Note -> The answer to this question is (a^2 + ab + b^2)x - ab(a + b). However, I dont have a single idea as to how u get this answer. So please explain clearly. VERY CLEARLY.

Thanks.

Answer 1

Let,
P(x) = (x - a) * Q1(x) + a^3 , P(a) = a^3
P(x) = (x - b) * Q2(x) + b^3 , P(b) = b^3

P(x) = (x - a)(x - b) * Q3(x) + R(x) ......................(1), here remainder is R(x), which is 1st degree polynomial as (x - a)(x - b) is 2nd degree polynomial.

If x = a in eq. (1),
P(a) = R(a)
or,R(a) = a^3
that means when R(x) is divided by (x - a), the remainder will be a^3.

Therefore,
R(x) = R1(x - a) + a^3 ...................................... (2), here R1 is a constant because R(x) is a 1st degree polynomial.

If x = b in eq. (1),
P(b) = R(b)
or,R(b) = b^3
that means when R(x) is divided by (x - b), the remainder will be b^3.

Therefore,
R(x) = R2(x - b) + b^3 ........................................ (3)

Comparing eqns. (2) and (3),
R1(x - a) + a^3 = R2(x - b) + b^3 ................................ (4)

Equating the coefficients of x,
R1 = R2 = R (say)

Then, eq (4) becomes,
Rx - Ra + a^3 = Rx - Rb + b^3
or,-Ra + a^3 = -Rb + b^3
or,R(a - b) = a^3 - b^3
or,R = a^2 + ab + b^2

Putting this value in eq. (2) or (3),

R(x) = (a^2 + ab + b^2) (x - a) + a^3
or,R(x) = (a^2 + ab + b^2)x - (a^3 + a^2b + ab^2) + a^3
or, R(x) = (a^2 + ab + b^2)x - ab(a + b)

Thus, the remainder is (a^2 + ab + b^2)x - ab(a + b).

Answer 2

Here goes the answer

Let P(x) be the polynomial P(x) = L1+L2x+L3 x^2+L4 x^3+.......

since a^3 is a remainder with x-a therefore from the remainder theorem P(a) = a^3, which is only possible when all the constants L1, L2, ........ except L4 are 0, L4 being equal to 1

so, P(x) = a^3 or x^3

because of the other case with x-b we can say that
P(x) = x^3

now dividing x^3 with (x-a)(x-b) which can be easily done
gives remainder = (a^2 + ab + b^2)x - ab(a + b) and

quotient = x+(a+b)

I hope its clear

Answer 3

According to the properties of polynomials (I assume you aware of them) we have P(a) = a^3 and P(b) = b^3.

The quotient of the division of P by (x-a)(x-b)is a polynomial Q and the remainder is a polynomial of the first degree, that is, a polynomial R given by R(x) = px + q.
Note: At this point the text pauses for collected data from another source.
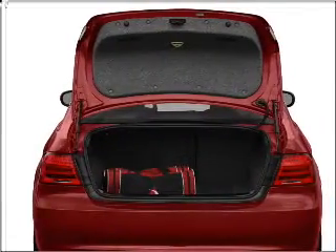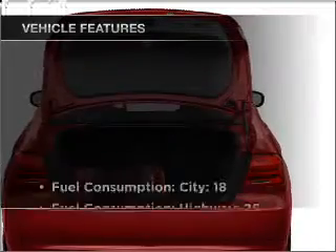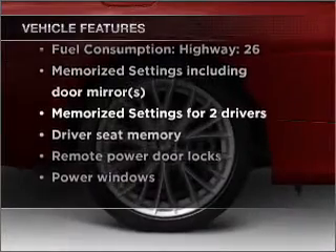The anti-lock braking system will help deliver you safely to your destination. The sunroof lets fresh air in, and memory settings make for a more comfortable ride. With these notable features, you won't want to miss out on the opportunity to own this amazing vehicle.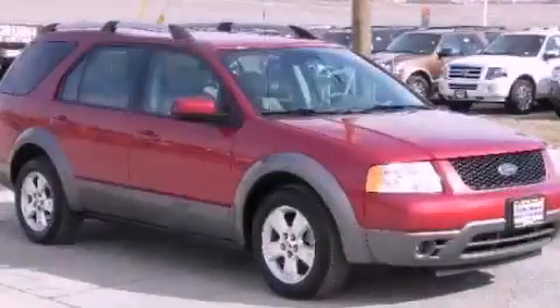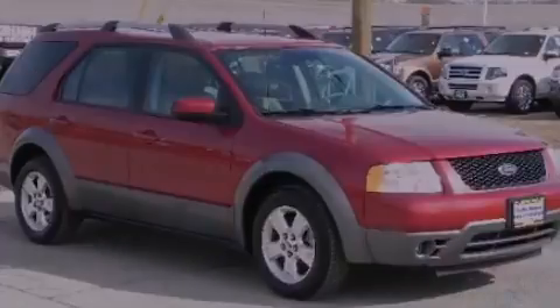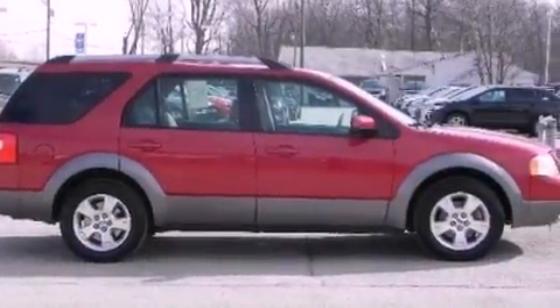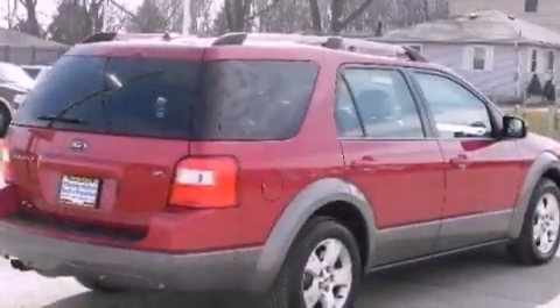This is a 2007 Ford Freestyle — safety, space, and comfort. It has a 3.0-liter six-cylinder engine and a continuous variable transmission.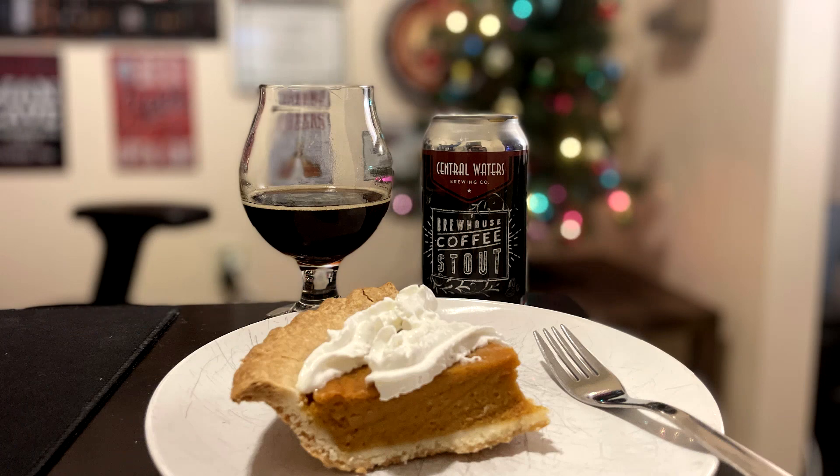I think this works as a dessert beer. It's strong enough that it could stand up to, like, a steak or some kind of red meat. Chipotle — might have to try that. Or probably what I'm going to do after this show: have this with a slice of pumpkin pie or apple pie or cake, whatever.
Then, P(x) = Q(x)(x-a)(x-b) + R(x). Making x=a and x = b in this equation, we get R(a) = a^3 and R(b) = b^3. I'm assuming a<> b. Now, all we have to do is solve for p and q the system of linear equations

p*a + q = a^3
p*b + q = b^3.

If we subtract these equations we get p(a- b) = a^3 - b^3 and, since a<>b, it follows that p = (a^3 - b^3)/(a -b) = a^2 + ab + b^2. If we plug this expression of p in one of the 2 equations and solve for q, we get q = -ab(a+ b). Thefore your remainder is R(x) = (a^2 + ab + b^2)x - ab(a+b) .

Next time, try to do your homework, OK?.

Answer 4

You're question is going to need a considerable amount of calculations.
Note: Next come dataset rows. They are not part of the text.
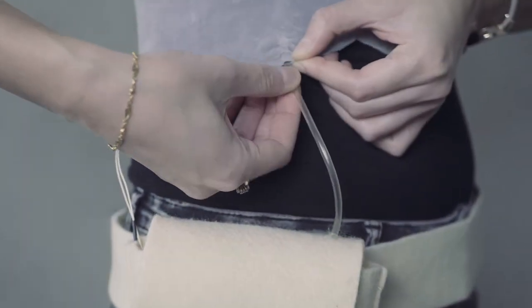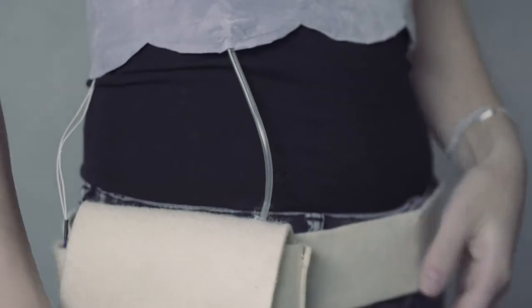The Serena Vest is to be worn under normal clothing. The vest monitors the wearer's breathing rate through the Eontex stretch sensor which is worn over the diaphragm.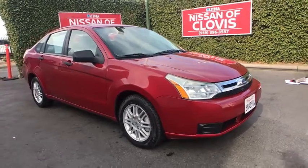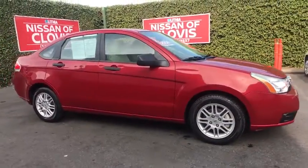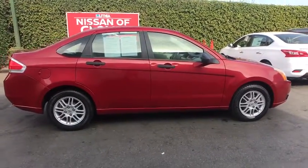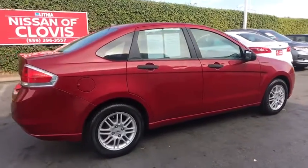We are pleased to show you the 2011 Ford Focus. Focus has more cool tech, more of what you're looking for. From any point of view, more than meets the eye.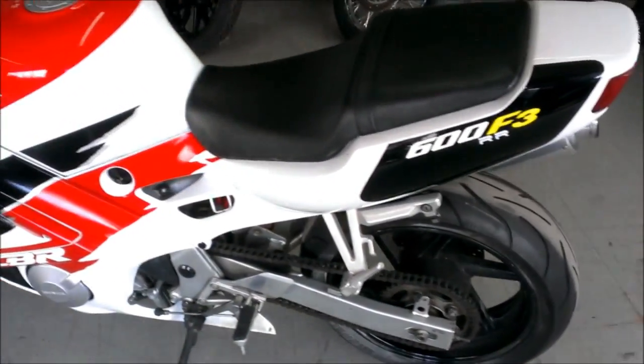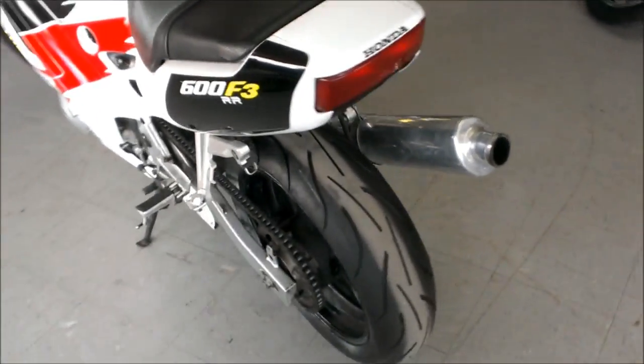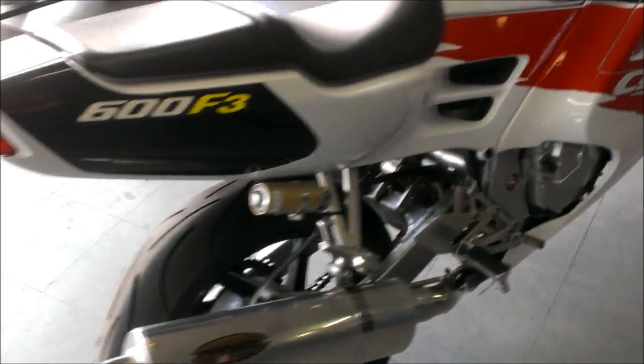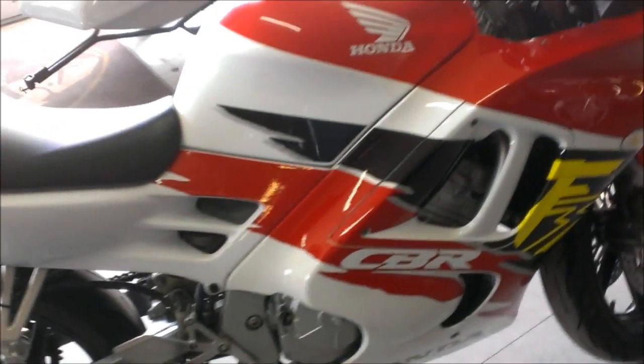Here we have a 1996 used Honda CBR600 F3 crotch rocket for sale. It's only $29.99. This super clean F3 has no dents, no dings, and no scratches.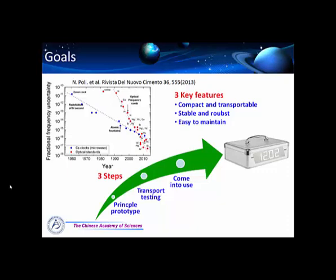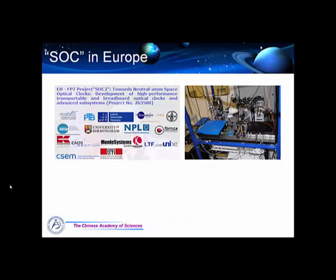In fact there are many projects proposed worldwide. The famous one is the Space Optical Clock supported by the European Space Agency. They are aiming at developing a high-precision portable clock using atoms of strontium or ytterbium trapped in an optical lattice. They have built a transportable clock with strontium trapped in a lattice, with a setup volume of less than two cubic meters excluding electronics, and a systematic uncertainty at about 7×10⁻¹⁵.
The answer to the first two equations is the variable substracted from x cubed. So x-a becomes a^3 and x-b becomes b^3.

In the question (x-a)(x-b) the answer is ((x-a)(x-b))^3. That is,
(x-a)(x-b) * (x-a)(x-b) * (x-a)(x-b).

This becomes (x^2-bx-ax+ab)^3.

So, unless someone has a better solution, you will need to multiply (x^2-bx-ax+ab) * (x^2-bx-ax+ab) * (x^2-bx-ax+ab)
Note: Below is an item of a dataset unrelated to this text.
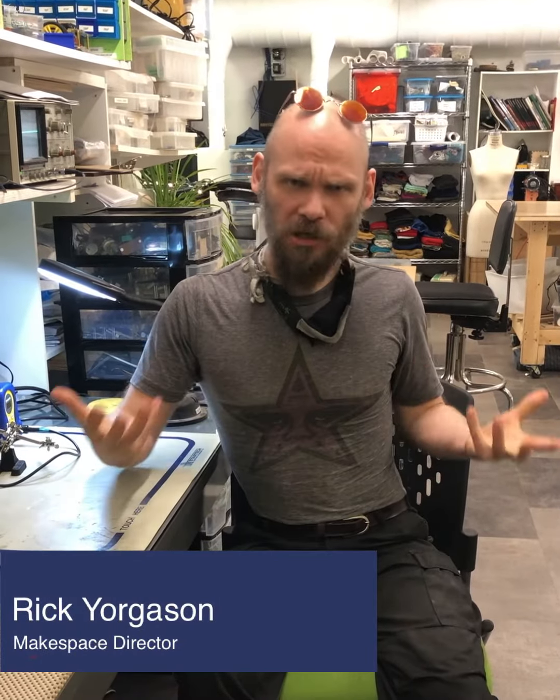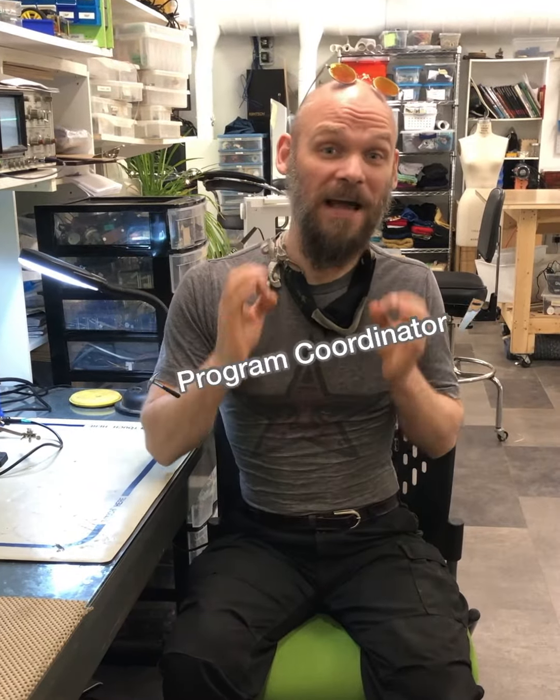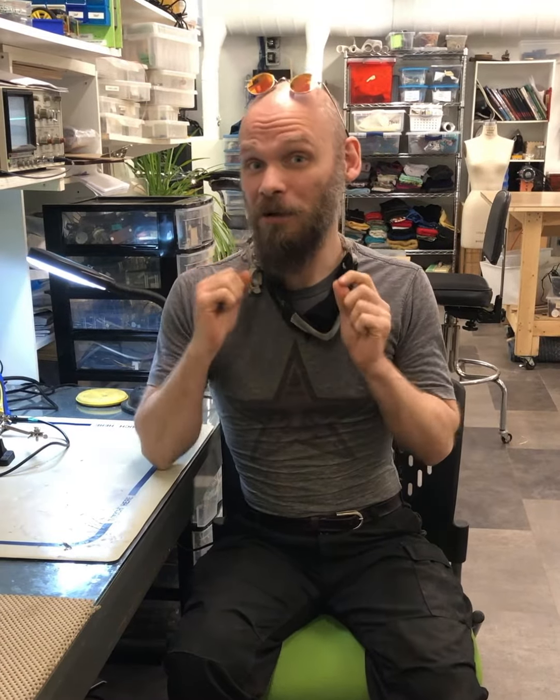Hi everyone and welcome to YouConstruct MakeSpace. If you've never heard of us before, keep watching until the end of the video and I'll share a little bit about what makes this space so special. But I'm not here to brag about MakeSpace — I'm here because we're hiring. We have a very special role opening up: the role of Program Coordinator. If you are passionate about helping makers learn new skills, we want to hear from you.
That is, you multiply everything in the first equation by x^2 then by -bx etc.

You then take that number and multiply it by x^2, then -bx etc again.

Finally, you factor out all the common elements.

i realise this sounds like a ton of work and there may be a better way to do this but this is the only method I know. Good luck.

Answer 5

let R be the remainder.
as R is a remainder of a polynomial we assume
R = Ax + B
By question
R(a) = Aa + B = a^3 .................(i) &
R(b) = Ab + B = b^3 ................(ii)
Subtracting (ii) from (i)
A (a-b) = a^3-b^3
=> A = (a^3-b^3)/(a-b)
=> A = a^2 + ab + b^2 ( considering a≠b)
Putting this value of a in Eq. (i)
B = a^3 - a(a^2 + ab + b^2) = a(a^2 - a^2 -ab - b^2)
= -ab(a+b)

=> remainder = (a^2 + ab + b^2)x - ab(a+b)

Answer 6

Go to www.algebra.com it is special website to help with math.

Answer 7

Lol they should have a Yahoo! Homeworks..

Answer 8

Thanks for the question. This was bugging me too.